Microbes living in the human gut have a profound impact on health, with their community composition affecting nutrition, metabolism, gastrointestinal function, and more. A detailed understanding of how these communities form, persist, and determine health outcomes through processes like immune signaling and nutrient absorption could help unlock the full potential of microbiome-dependent therapies. Unfortunately, the complexity of human gut microbe communities makes them difficult to study, slowing progress towards answering fundamental questions about their genetics, physiology, and regulation.
Past research has applied genetic approaches to interrogate these questions in a select few model organisms, such as E.coli, within the context of the adult gut microbiome. But scientists still lack effective genetic tools for studying the vast majority of microbiome members.
One group of beneficial human gut bacteria that remains untapped is Bifidobacteria, which are associated with infant breastfeeding and represent a major component of the developing human gut microbiome. A deeper understanding of Bifidobacteria activity in the digestive tract could offer therapeutic interventions for early-life disorders associated with microbiome imbalances and disruptions.
So far, it’s proven cumbersome to develop genetic tools robust enough to parse the complicated host- and strain-specific interactions at play with different Bifidobacteria species. Researchers in Kerwyn Casey Huang’s lab at Stanford University sought to overcome these historic challenges, and worked with Environmental Genomics & Systems Biology (EGSB) senior scientist Adam Deutschbauer and research scientist Hans Carlson to leverage their expertise using randomly barcoded transposon sequencing (RB-TNseq) and high-throughput (high-volume) chemical genomics.
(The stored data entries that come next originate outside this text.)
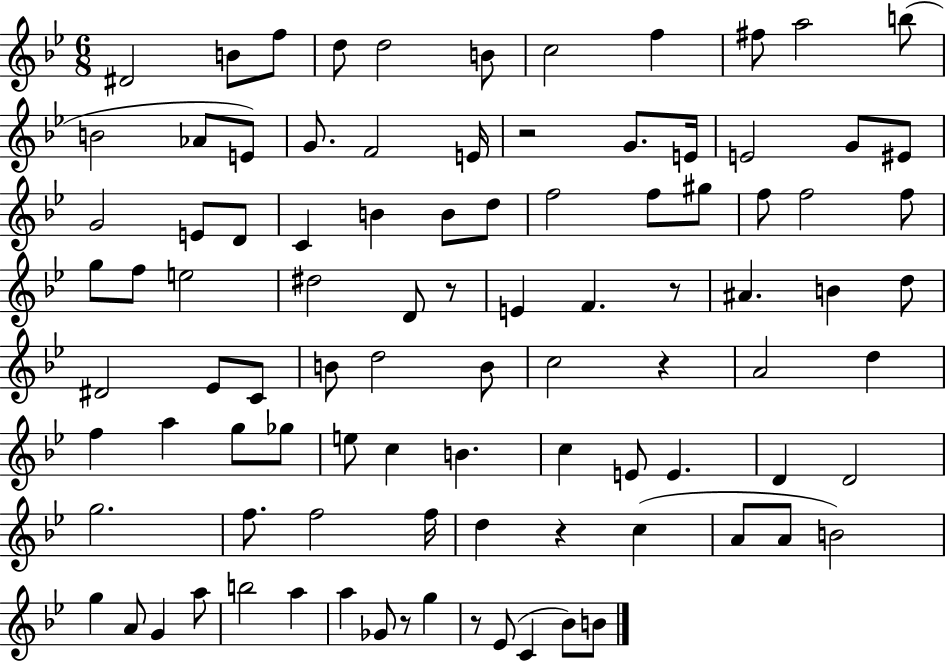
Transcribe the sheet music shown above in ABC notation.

X:1
T:Untitled
M:6/8
L:1/4
K:Bb
^D2 B/2 f/2 d/2 d2 B/2 c2 f ^f/2 a2 b/2 B2 _A/2 E/2 G/2 F2 E/4 z2 G/2 E/4 E2 G/2 ^E/2 G2 E/2 D/2 C B B/2 d/2 f2 f/2 ^g/2 f/2 f2 f/2 g/2 f/2 e2 ^d2 D/2 z/2 E F z/2 ^A B d/2 ^D2 _E/2 C/2 B/2 d2 B/2 c2 z A2 d f a g/2 _g/2 e/2 c B c E/2 E D D2 g2 f/2 f2 f/4 d z c A/2 A/2 B2 g A/2 G a/2 b2 a a _G/2 z/2 g z/2 _E/2 C _B/2 B/2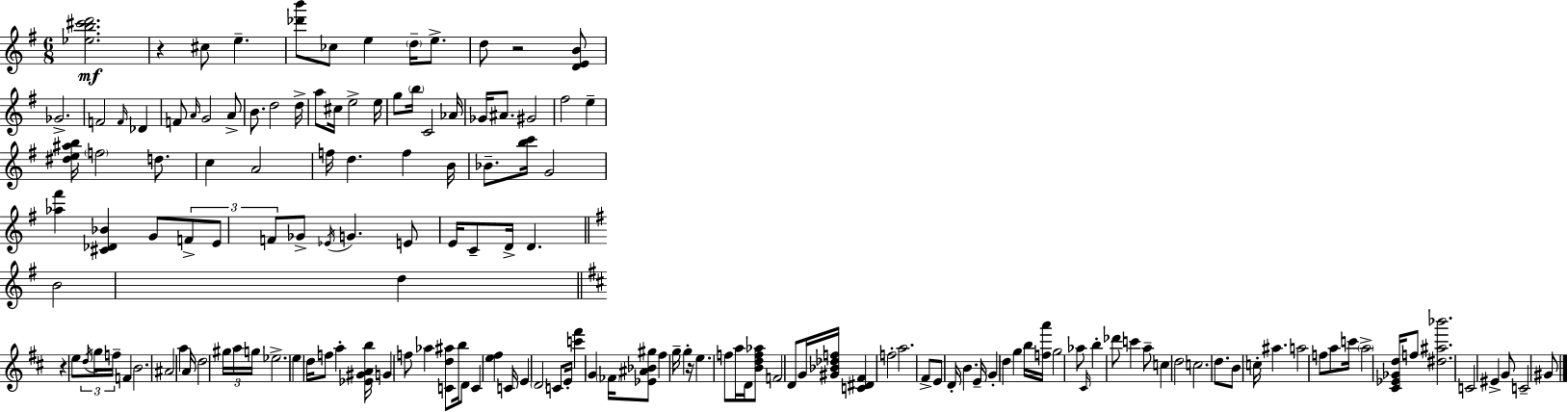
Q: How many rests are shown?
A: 4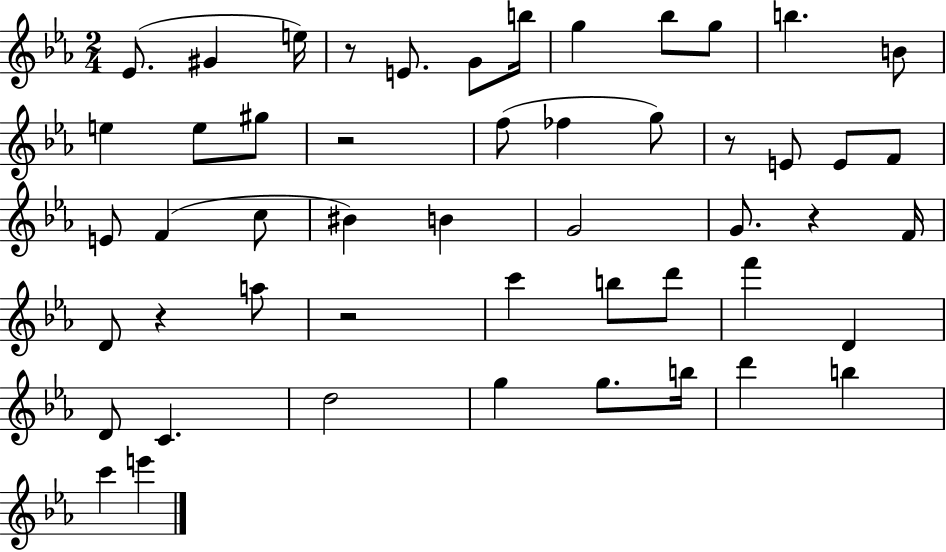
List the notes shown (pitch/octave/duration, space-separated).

Eb4/e. G#4/q E5/s R/e E4/e. G4/e B5/s G5/q Bb5/e G5/e B5/q. B4/e E5/q E5/e G#5/e R/h F5/e FES5/q G5/e R/e E4/e E4/e F4/e E4/e F4/q C5/e BIS4/q B4/q G4/h G4/e. R/q F4/s D4/e R/q A5/e R/h C6/q B5/e D6/e F6/q D4/q D4/e C4/q. D5/h G5/q G5/e. B5/s D6/q B5/q C6/q E6/q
Deutschbauer was on the team that first developed RB-TnSeq in 2015 as part of a collaboration between the ENIGMA Science Focus Area and the DOE Joint Genome Institute. RB-TnSeq is a technique that centers on modifying transposons—mobile genetic elements that can insert into a genome at random locations—to carry unique DNA barcodes. The barcoded transposons are then introduced into a bacterial population, where they insert themselves randomly into genomes and create a library of tagged mutant bacteria strains. Researchers can then track the barcodes to compare how different mutants fare under varying experimental conditions, allowing them to zero in on genes that are important for growth and resilience in specific environments.
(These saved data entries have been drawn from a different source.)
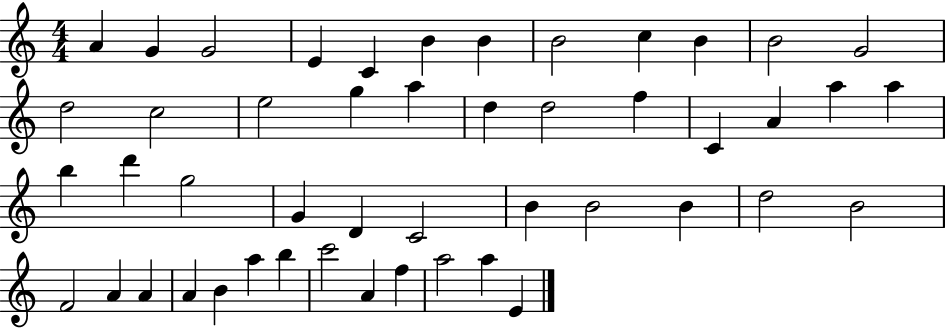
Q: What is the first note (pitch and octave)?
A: A4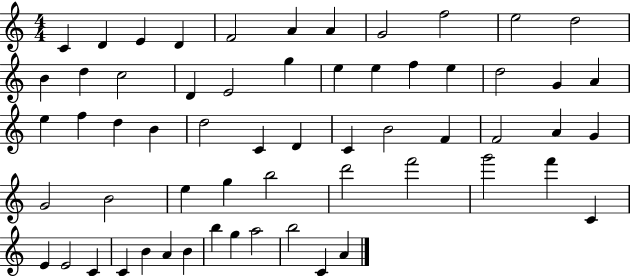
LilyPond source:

{
  \clef treble
  \numericTimeSignature
  \time 4/4
  \key c \major
  c'4 d'4 e'4 d'4 | f'2 a'4 a'4 | g'2 f''2 | e''2 d''2 | \break b'4 d''4 c''2 | d'4 e'2 g''4 | e''4 e''4 f''4 e''4 | d''2 g'4 a'4 | \break e''4 f''4 d''4 b'4 | d''2 c'4 d'4 | c'4 b'2 f'4 | f'2 a'4 g'4 | \break g'2 b'2 | e''4 g''4 b''2 | d'''2 f'''2 | g'''2 f'''4 c'4 | \break e'4 e'2 c'4 | c'4 b'4 a'4 b'4 | b''4 g''4 a''2 | b''2 c'4 a'4 | \break \bar "|."
}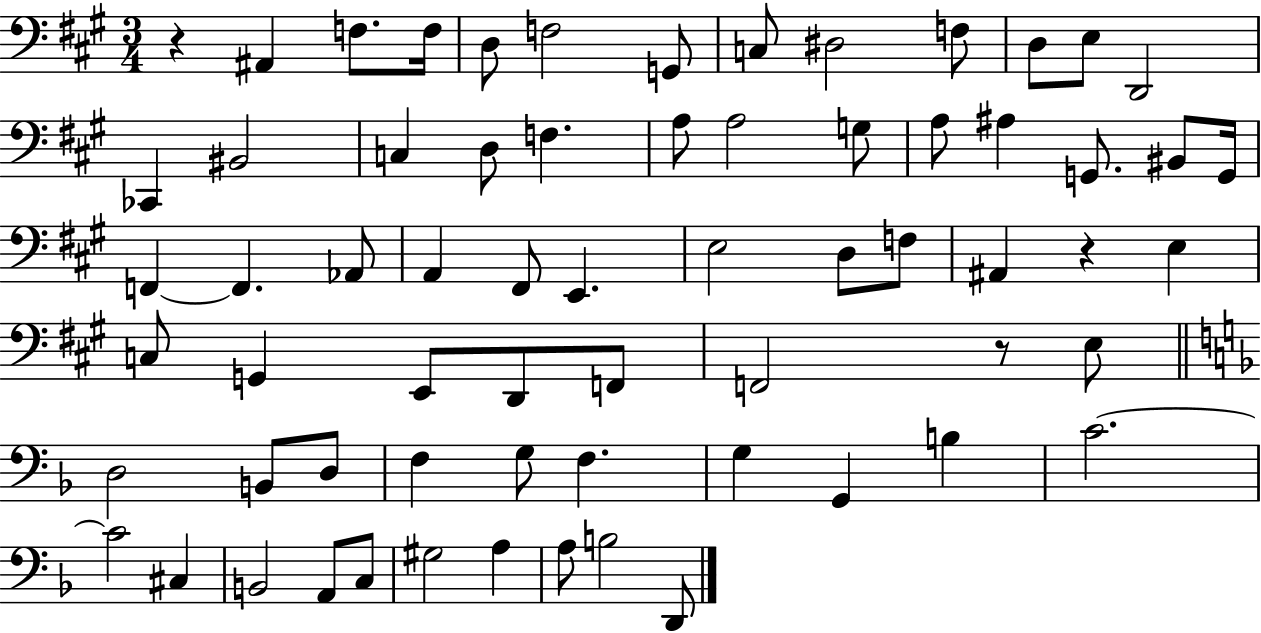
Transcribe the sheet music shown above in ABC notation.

X:1
T:Untitled
M:3/4
L:1/4
K:A
z ^A,, F,/2 F,/4 D,/2 F,2 G,,/2 C,/2 ^D,2 F,/2 D,/2 E,/2 D,,2 _C,, ^B,,2 C, D,/2 F, A,/2 A,2 G,/2 A,/2 ^A, G,,/2 ^B,,/2 G,,/4 F,, F,, _A,,/2 A,, ^F,,/2 E,, E,2 D,/2 F,/2 ^A,, z E, C,/2 G,, E,,/2 D,,/2 F,,/2 F,,2 z/2 E,/2 D,2 B,,/2 D,/2 F, G,/2 F, G, G,, B, C2 C2 ^C, B,,2 A,,/2 C,/2 ^G,2 A, A,/2 B,2 D,,/2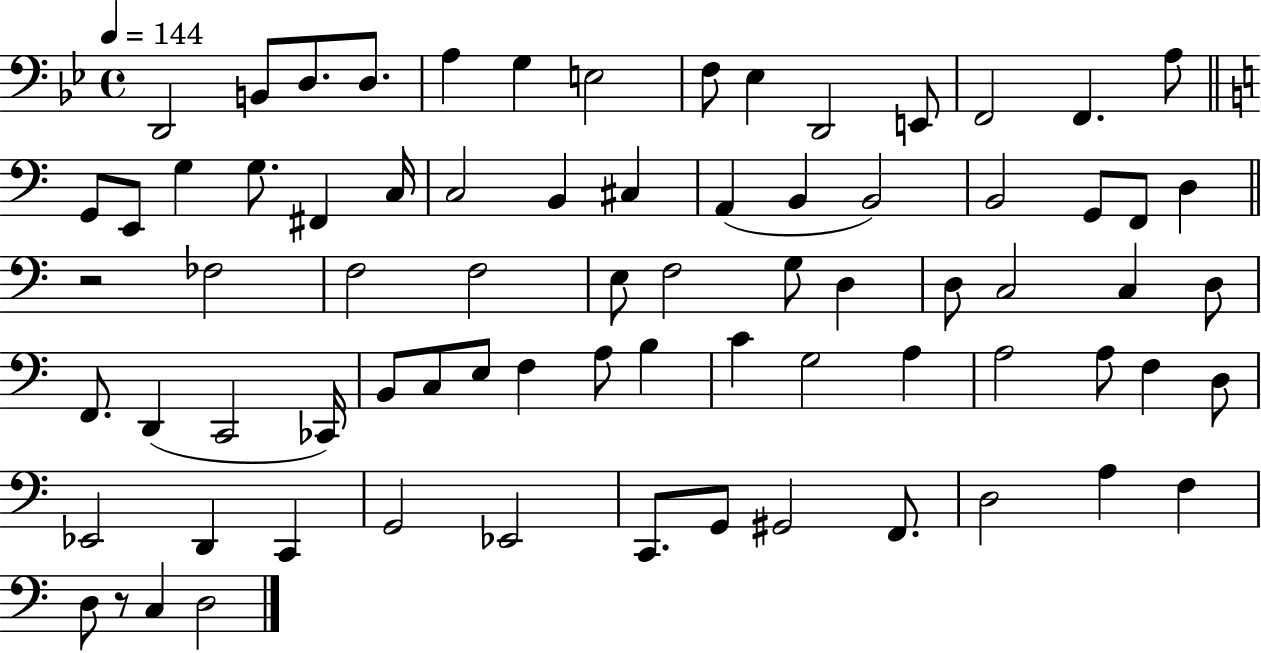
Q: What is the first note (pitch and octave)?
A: D2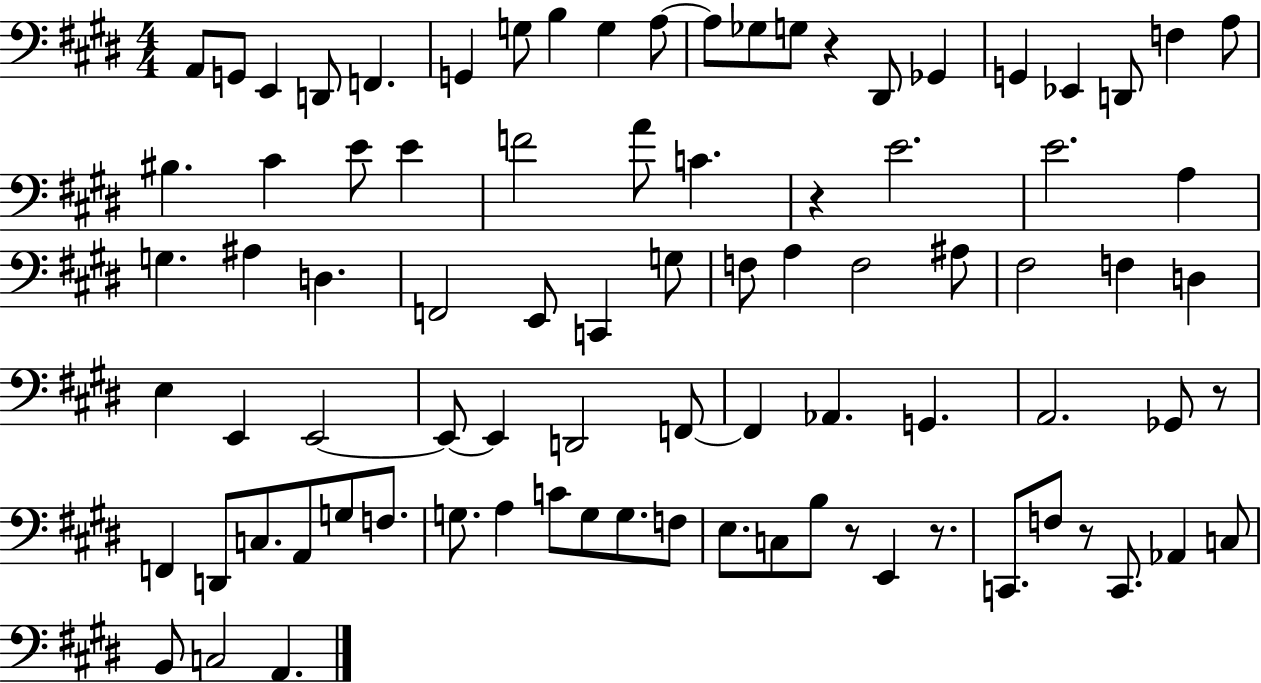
{
  \clef bass
  \numericTimeSignature
  \time 4/4
  \key e \major
  a,8 g,8 e,4 d,8 f,4. | g,4 g8 b4 g4 a8~~ | a8 ges8 g8 r4 dis,8 ges,4 | g,4 ees,4 d,8 f4 a8 | \break bis4. cis'4 e'8 e'4 | f'2 a'8 c'4. | r4 e'2. | e'2. a4 | \break g4. ais4 d4. | f,2 e,8 c,4 g8 | f8 a4 f2 ais8 | fis2 f4 d4 | \break e4 e,4 e,2~~ | e,8~~ e,4 d,2 f,8~~ | f,4 aes,4. g,4. | a,2. ges,8 r8 | \break f,4 d,8 c8. a,8 g8 f8. | g8. a4 c'8 g8 g8. f8 | e8. c8 b8 r8 e,4 r8. | c,8. f8 r8 c,8. aes,4 c8 | \break b,8 c2 a,4. | \bar "|."
}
A recent study, published in Cell, documented the team’s success in using RB-TnSeq to generate a genetic library for Bifidobacterium breve, a representative species of Bifidobacteria. Using these newly-developed tools, the authors surveyed the importance of different genes in supporting Bifidobacterium breve survival. Through a series of experiments conducted in living mice and chickens, the researchers tracked how individual mutant strains coped when their hosts were fed different diets or subjected to environmental stressors. This approach revealed several genes that drive key functional adaptations in Bifidobacteria biology and influence their persistence in the developing intestinal tract.
The team’s detailed overview of the genetic basis for Bifidobacterium breve fitness, along with the other genome-scale resources they developed, will support ongoing biological investigations in Bifidobacteria and other bacteria that reside in the human gut. Ultimately, the study provides a template strategy for the rapid characterization of non-model microbes, and could offer foundational tools for developing Bifidobacteria-based probiotics or prebiotics with therapeutic benefits.